0 Responses to “Who owns the moon?”

  • Hi Marcus

    Certainly, the question of moon ownership is a fraught one. Then again, I think it’s probably not the right question – it is valid research that’s being carried out, and could potentially lead to extremely useful data, particularly in terms of moon water being a source for hydrogen fuelling and pit stops. As for an ethics council – where there is no harm being done, would such a thing be useful? And who would make up the council?

    Interestingly, I saw this article about scientists being perplexed at the lack of a plume: http://www.independent.co.uk/news/science/nasa-bombs-the-moon-ndash-but-where-was-the-fallout-1800574.html

    If you’d like a giggle, though, have a look here: http://www.theregister.co.uk/2009/10/07/stop_nasa_bombing_the_moon/

  • I believe you can stuill buy land on the moon, though exactly how offical and legal this is is questionable.

    This does bring up a more serious issue with respect to rights and ownership of space (such an anthropomorphic idea). Over the years this has come up and I have kept an interested eye on the subject. I know the US military has the opinion that it has some sort of ownership of not only the moon but of orbital space. They frame thier agruements (as usual) through the lense of defense, saying only it can be trusted to have military hardware orbiting the planet. These arguments have been pushed even more now that china has a viable space programme. As well as defense there is an eye towards any mineral wealth on the moon, though how viable this would be given the transport costs is questionable. We would probably have to have exhausted all our mineral resources on terra firma first to even consider it.

  • Well if you look at it from a flag planting point of view the Soviets got a few robots up there, and the Americans a few robots and some people, so they may have a claim. I guess if we get some settlers up there then they can stake out there own claims. I suspect though that some international body such as the International Astronomical Union, might need to be involved in divvying up things.

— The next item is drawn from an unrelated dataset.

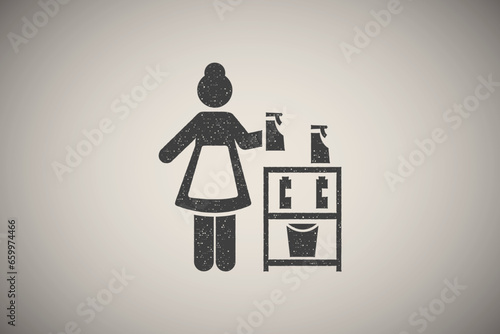 Cleaner, hotel, services, maid icon vector illustration in stamp style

    But certainly the people selling the rights to land on the moon have no legal basis for doing so.

  • Under the auspices of the UN’s 1967 Outer Space Treaty (http://www.unoosa.org/oosa/SpaceLaw/outerspt.html) and ratified by New Zealand on 31 May 1968, no nation can stake a claim to the Moon or other extra-terrestrial bodies. So, a similar intent to the Antarctic Treaty.

    Some companies of debatable legal foundation assert that the Treaty doesn’t preclude ‘private’ ownership so you too can part with good money for a piece of lunar real estate. Presumably with the nearest library and rubbish collection 380,000 km away you can expect some discount on the council rates.